» Working data
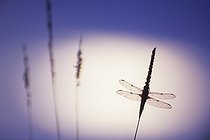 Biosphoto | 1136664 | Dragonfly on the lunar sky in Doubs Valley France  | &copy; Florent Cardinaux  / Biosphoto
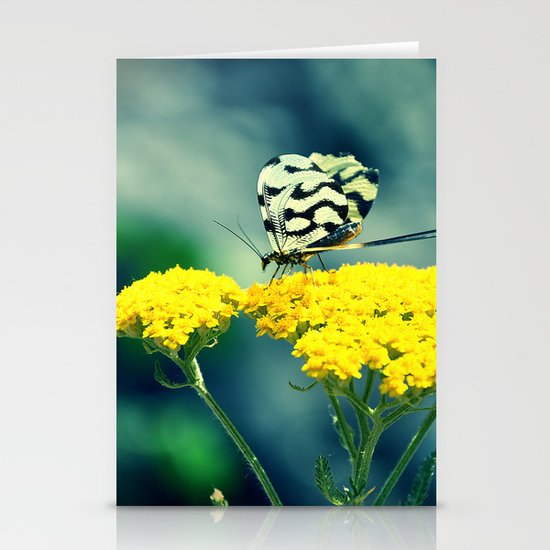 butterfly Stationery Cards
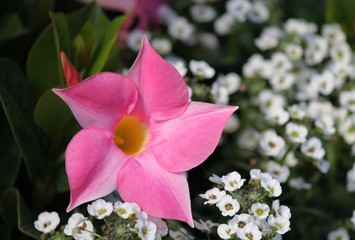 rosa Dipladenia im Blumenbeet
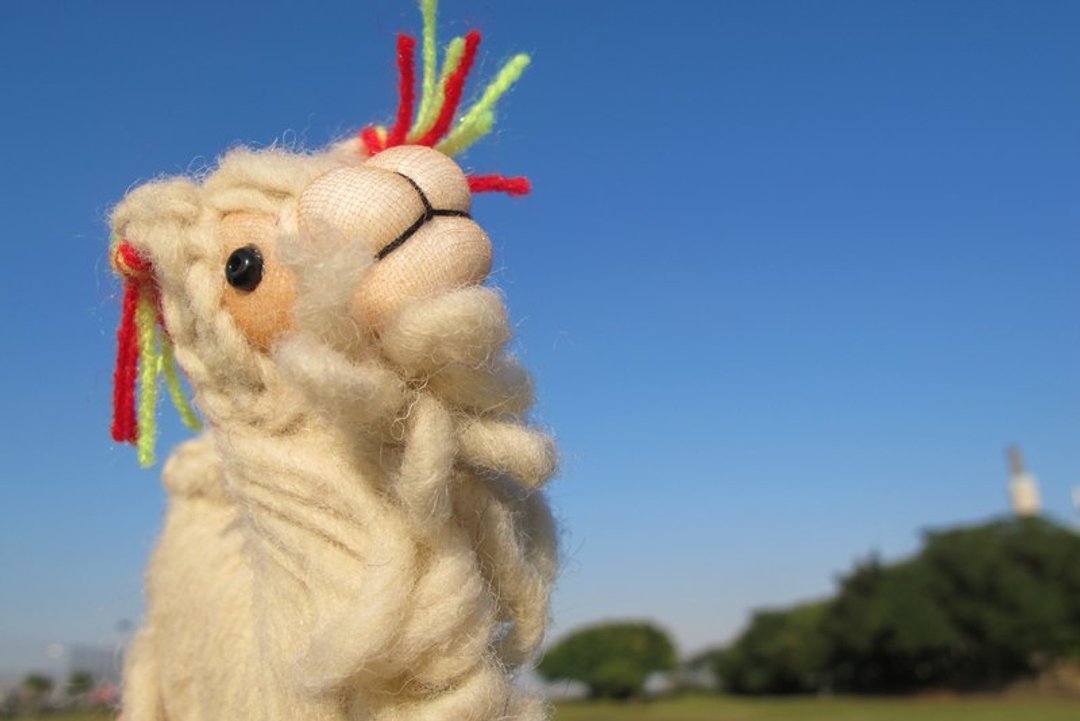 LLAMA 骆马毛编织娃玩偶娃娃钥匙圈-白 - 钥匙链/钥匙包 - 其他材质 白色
==
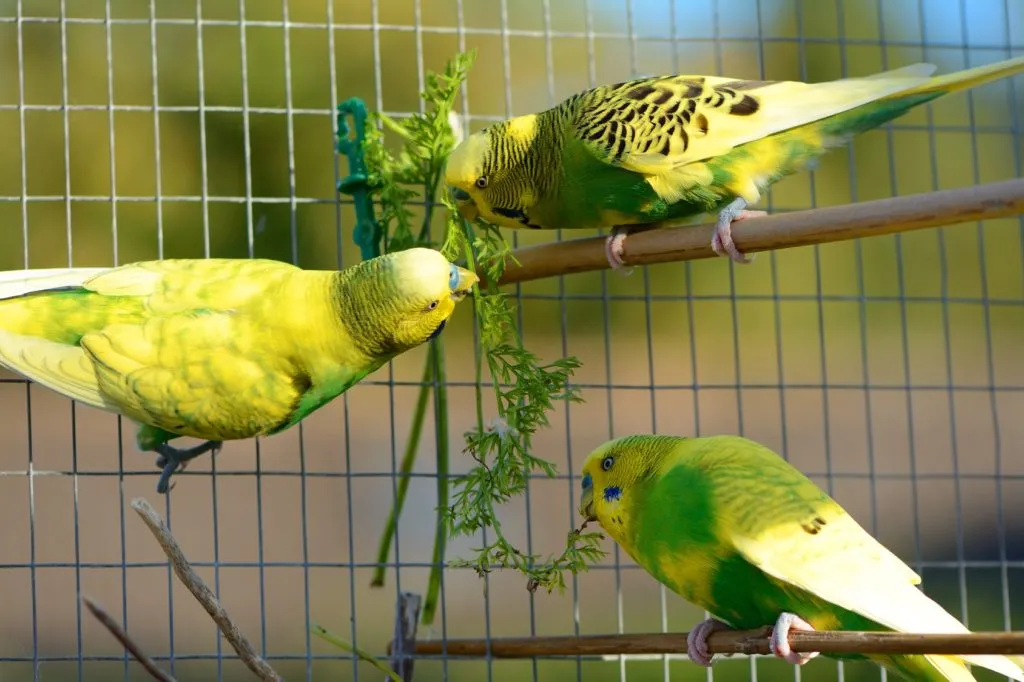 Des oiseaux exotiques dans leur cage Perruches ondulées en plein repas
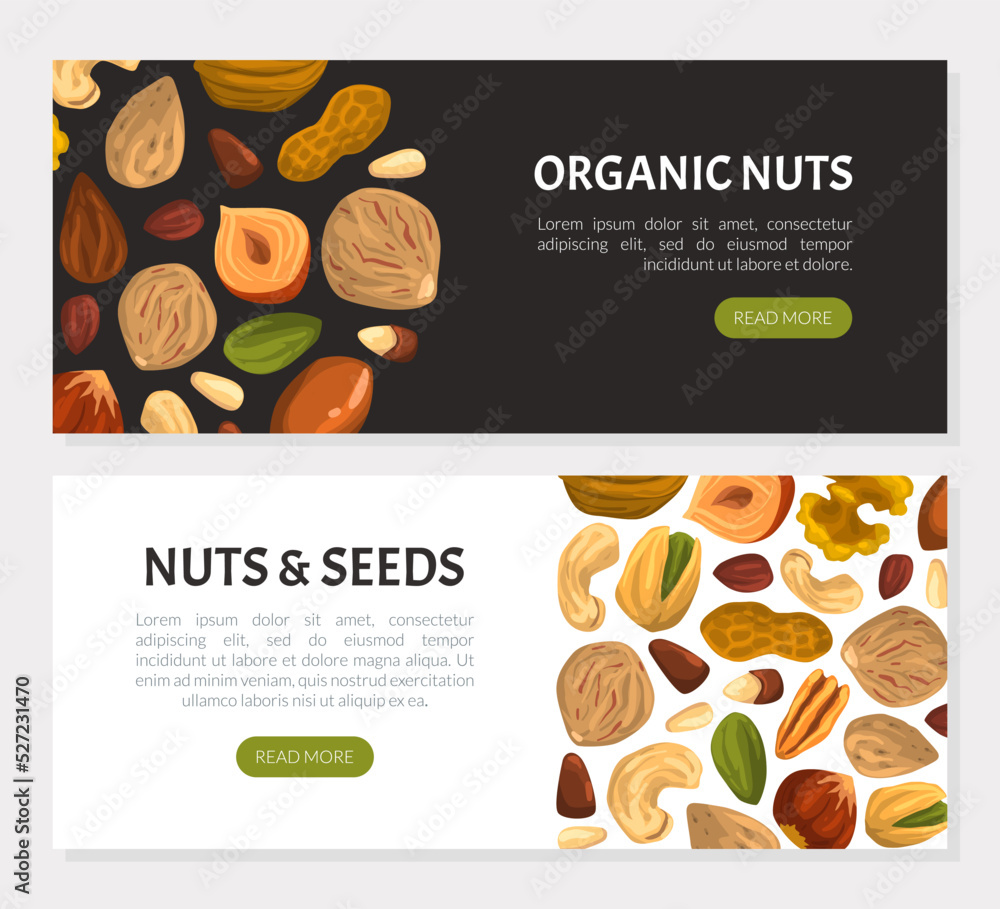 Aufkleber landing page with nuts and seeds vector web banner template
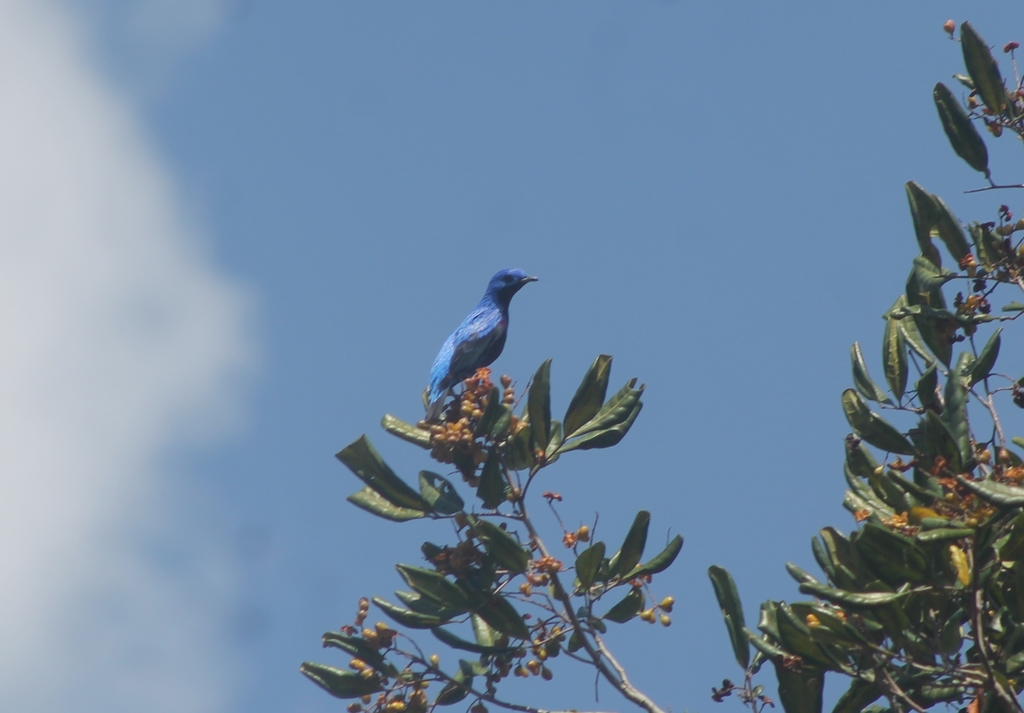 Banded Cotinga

» What the task asks
Excerpt from the records above: set down only the lines from the one that contains "butterfly Stationery Cards" through the one that contains "LLAMA 骆马毛编织娃玩偶娃娃钥匙圈-白 - 钥匙链/钥匙包 - 其他材质 白色", inclusive, word for word. Pictures stay out.

» Solution to this task
 butterfly Stationery Cards
 rosa Dipladenia im Blumenbeet
 LLAMA 骆马毛编织娃玩偶娃娃钥匙圈-白 - 钥匙链/钥匙包 - 其他材质 白色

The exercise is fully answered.